In the final seconds, the goalie for UCLA's water polo team (a basketball walk-on) went the length of the court for two points, and the crowd cheered as an end-of-the-bench Bruins reserve rolled in a free throw.

Laughs galore. What an ignominious end to a Maryland season that, until last night, was all about exceeding expectations.

"We didn't play like this all year," Maryland coach Gry Williams said. "We weren't helping each other on defense. UCLA had open shots. But you still have to hit them, and they did. And then we just couldn't get it turned around, like we did earlier in the season."

Oh, sure, it will still go down as a positive season. Has to, right? The Terps lost four starters, started a freshman and three sophomores and accomplished all sorts of things. Beat Duke at Duke. Made the final of the ACC tournament for the first time in 16 years.

If junior Terence Morris returns, the Terps will make all the preseason Top 10 polls next season. Even if Morris goes to the NBA, the Terps will have another dangerous team.

But hey, next season's possibilities were no solace after last night's effort. The Terps were awful when they needed to be good, and that's two years in a row now. Two years of not just losing in the tournament, but getting crushed. Forgetting to show up. Laying an egg.

And this was the egg against which all can be measured.

What's weird is that the Terps were nothing if not consistent throughout the season, always showing up and putting up a game, even when they lost. Unlike some of Williams' prior teams, which tended to run hot and cold, this team was always pretty warm, occasionally hot and never ice cold.

Never a no-show.

Until last night.

Here's a lasting image from the debacle: UCLA's Jerome Moiso swatting Maryland's best bet, a runner from Morris, into the seats.
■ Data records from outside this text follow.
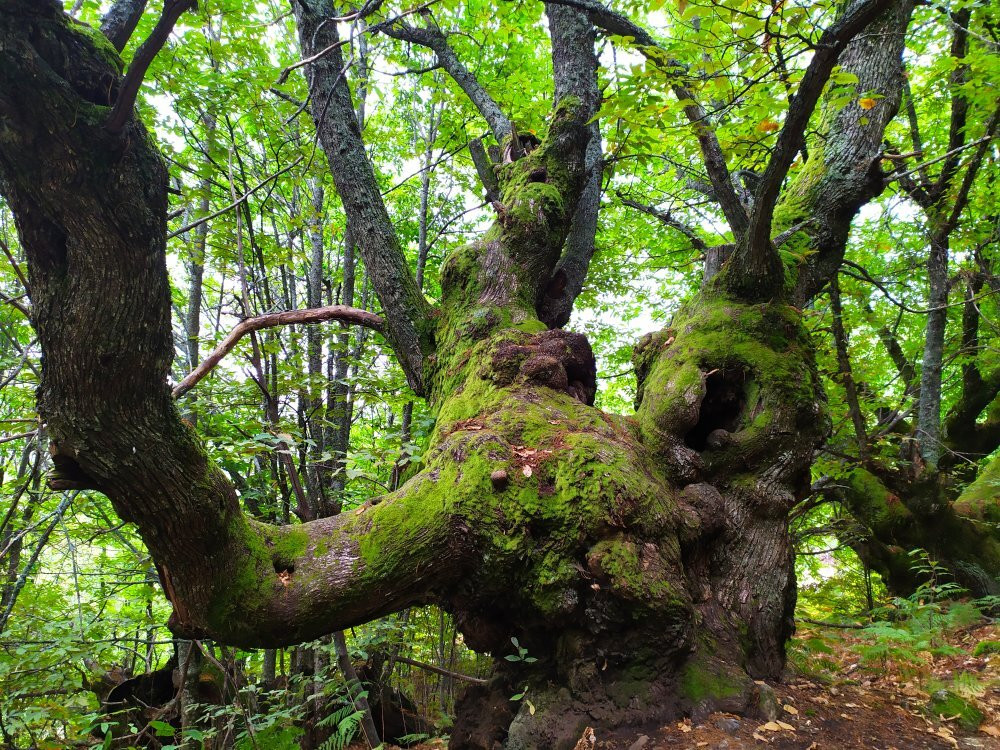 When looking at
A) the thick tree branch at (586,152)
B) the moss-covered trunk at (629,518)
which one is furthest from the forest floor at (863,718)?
the thick tree branch at (586,152)

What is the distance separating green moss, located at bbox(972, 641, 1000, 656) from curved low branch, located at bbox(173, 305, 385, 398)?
515 cm

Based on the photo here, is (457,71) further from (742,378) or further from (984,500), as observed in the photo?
(984,500)

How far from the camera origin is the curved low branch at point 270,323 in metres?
2.90

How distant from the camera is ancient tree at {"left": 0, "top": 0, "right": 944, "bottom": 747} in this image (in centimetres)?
189

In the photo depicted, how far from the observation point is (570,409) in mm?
3367

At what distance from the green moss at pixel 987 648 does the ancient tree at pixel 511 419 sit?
6.16 feet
Bored crowd roars, looking for any reason to avoid heading out into the light snowfall coming down.

Here's another lasting image: the Terps standing around on offense, completely bewildered and stymied by UCLA's 1-3-1 zone defense, as if the Bruins were using some magical, new defense instead of an old, reliable zone.

And here's one final, lasting image: UCLA scoring on four alley-oop dunks in the first half, as the flat-footed Terps stand around looking baffled by a basic Bruins play that every other UCLA opponent prepares for and successfully defends.
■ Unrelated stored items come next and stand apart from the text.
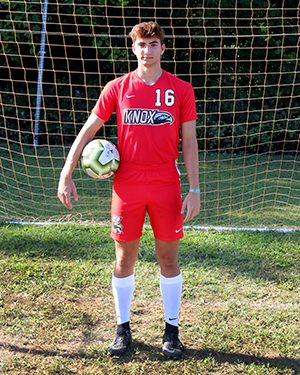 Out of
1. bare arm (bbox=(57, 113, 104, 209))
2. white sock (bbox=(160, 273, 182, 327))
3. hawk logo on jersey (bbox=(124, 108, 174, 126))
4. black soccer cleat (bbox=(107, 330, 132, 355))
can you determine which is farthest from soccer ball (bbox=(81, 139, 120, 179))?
black soccer cleat (bbox=(107, 330, 132, 355))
Did the Terps even watch tape of the Bruins before stepping onto the court last night?

Didn't look like it.

That's Terps coach Gary Williams' fault. At the end of one of his best seasons as a coach, he threw in a clunker himself last night. The Terps weren't ready to play. They looked grim and scared before the game, lost and terrified as it slipped away.
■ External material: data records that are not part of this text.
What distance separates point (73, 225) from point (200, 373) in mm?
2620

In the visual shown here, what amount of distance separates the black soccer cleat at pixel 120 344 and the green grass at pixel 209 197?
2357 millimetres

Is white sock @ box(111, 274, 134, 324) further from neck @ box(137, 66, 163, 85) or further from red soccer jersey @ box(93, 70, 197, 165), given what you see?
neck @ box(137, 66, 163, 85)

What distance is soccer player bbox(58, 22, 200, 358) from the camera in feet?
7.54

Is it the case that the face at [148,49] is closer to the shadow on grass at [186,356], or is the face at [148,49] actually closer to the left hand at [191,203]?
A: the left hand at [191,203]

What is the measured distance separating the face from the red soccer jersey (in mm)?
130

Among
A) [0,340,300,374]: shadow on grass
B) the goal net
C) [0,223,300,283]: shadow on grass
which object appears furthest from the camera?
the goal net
Things got so out of hand that Williams cooled down on the sidelines early in the second half, calling off his usual histrionics. There was no use.

Again, give UCLA credit. Lots of credit. The Bruins reached the game after surviving a turbulent regular season that included the suspension of forward JaRon Rush, who missed most of the season after it was determined he had accepted money from an agent and also from an AAU coach. The Bruins lost six of seven games at one point, falling to 13-11 and coming dangerously close to missing the NCAA tournament entirely.

But just when there was talk that UCLA coach Steve Lavin might lose his job, the Bruins won six straight games, including an upset of then-No. 1 Stanford, to earn an NCAA bid. Then they beat Ball State in the first round Thursday night, setting up last night's second-round game.

No one expected what happened. Least of all the Terps.